On 10 February, the Bolivian Workers' Center (COB) and the Pact of Unity met with the Ministry of Health and issued a demand that Arce enact the new law within 24 hours.[82] They also denounced the doctors groups as responding to corporate interests and supporting the "commercialization of health". The following day, the National Health Council (Conasa), a union of doctors and health workers, issued its own 24 hour demand that the government meet to discuss the law or face protests.[82] With the enactment of the law on 17 February, Conasa announced the following day a general strike lasting from 19 to 28 February.[83] The Bolivian Ombudsman's Office stated that "While the health sector's right to protest is recognized as a vulnerable group against COVID-19, its demands must be reasonable and all avenues for dialogue must be exhausted". It also warned that the strikes would pose a health risk to Bolivians needing medical attention due to COVID-19.[83]
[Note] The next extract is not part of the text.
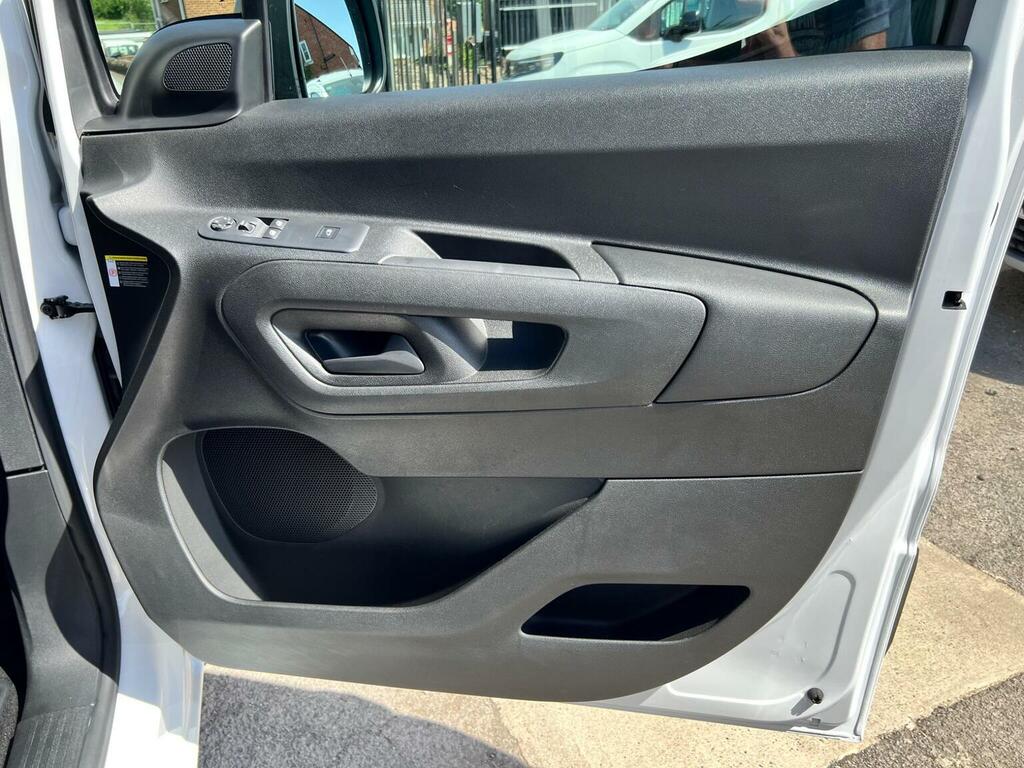 Citroen e-Berlingo 800 100Kw 50Kwh Driver Pro  #36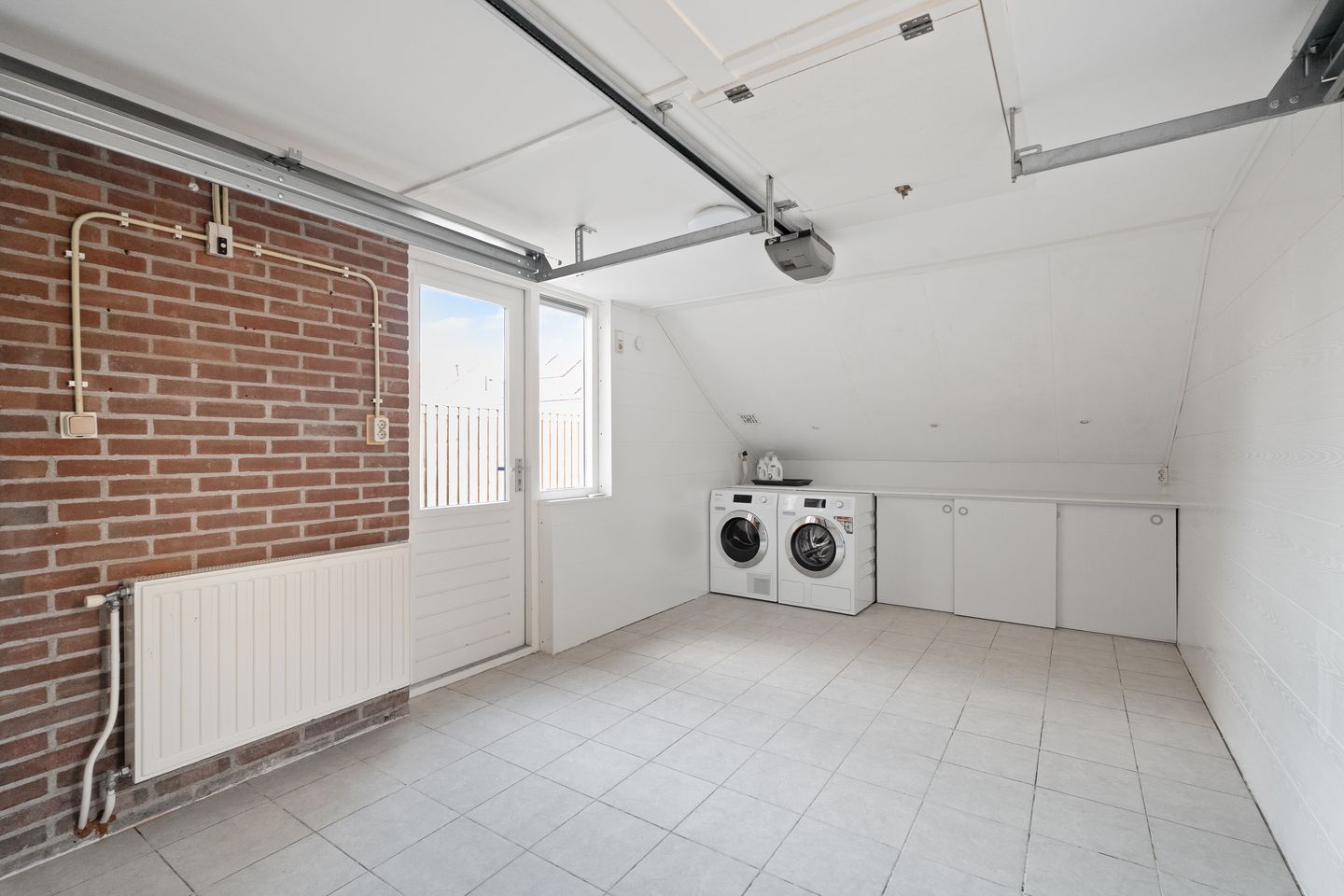 Comfortable Semi-Detached Home with Luxury Kitchen, Bathroom and Sunny Garden — 29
"Managing president" and the regional elections[edit]

The first six months of Arce's presidency coincided with regional elections for governors, mayors, and municipal assemblies within the nine departments of Bolivia. Despite the challenges faced by MAS in consolidating support after the 2019 crisis, Arce remained notably separate and silent from the many campaigns, especially as compared to ex-president Evo Morales who was viewed by many outside and within the party as intervening far too heavily, particularly in regards to the selection of candidates. Arce's seeming lack of interest in the subnationals led to the political analyst Marcelo Arequipa dubbing him "a neutral actor" and a "managing president" who "presents himself as someone who does not care about the internal political dispute of the MAS" but rather is more interested in governing nationally and carrying out his agenda. Pando Senator Luis Adolfo Flores said that "I have not seen the president in a political campaign," adding that "Electorally, some candidates take the opportunity to shake hands, to take a photo. But the president's visits are not necessarily for campaigning". In this way, while Morales remained the face of political actions on the ground, Arce maintained his focus on carrying out his national agenda.[84]


Arce has published several books and articles on economics, including The Bolivian Economic Social Communitarian Productive Model (2015), "Uncertainty and Dollarization in Bolivia",[85] "Is the Mechanism of Bolsin Appropriate (Central Bank’s currency market)?", "Brief Assessment of Bolivian Exchange Rate Regime", "Contribution to the Debate on Dollarization", "Demand for Money in Bolivia", and "Financial Liberalization and Concentration in the Banking System".[11]

Personal life[edit]

Arce was married to Jéssica Mosqueira with whom he had three children; Luis Marcelo, Rafael Ernesto, and Camila Daniela.[86][87] His current[when?] wife is Lourdes Brigida Durán Romero. She is the first First Lady of Bolivia to be the wife of the president since 2006. Evo Morales was never married with his sister Esther Morales serving as First Lady while Jeanine Áñez's husband Héctor Hernando Hincapié Carvajal served as the First Gentleman.[87] Having studied in the United Kingdom, Arce is fluent in English as well as Portuguese.[88]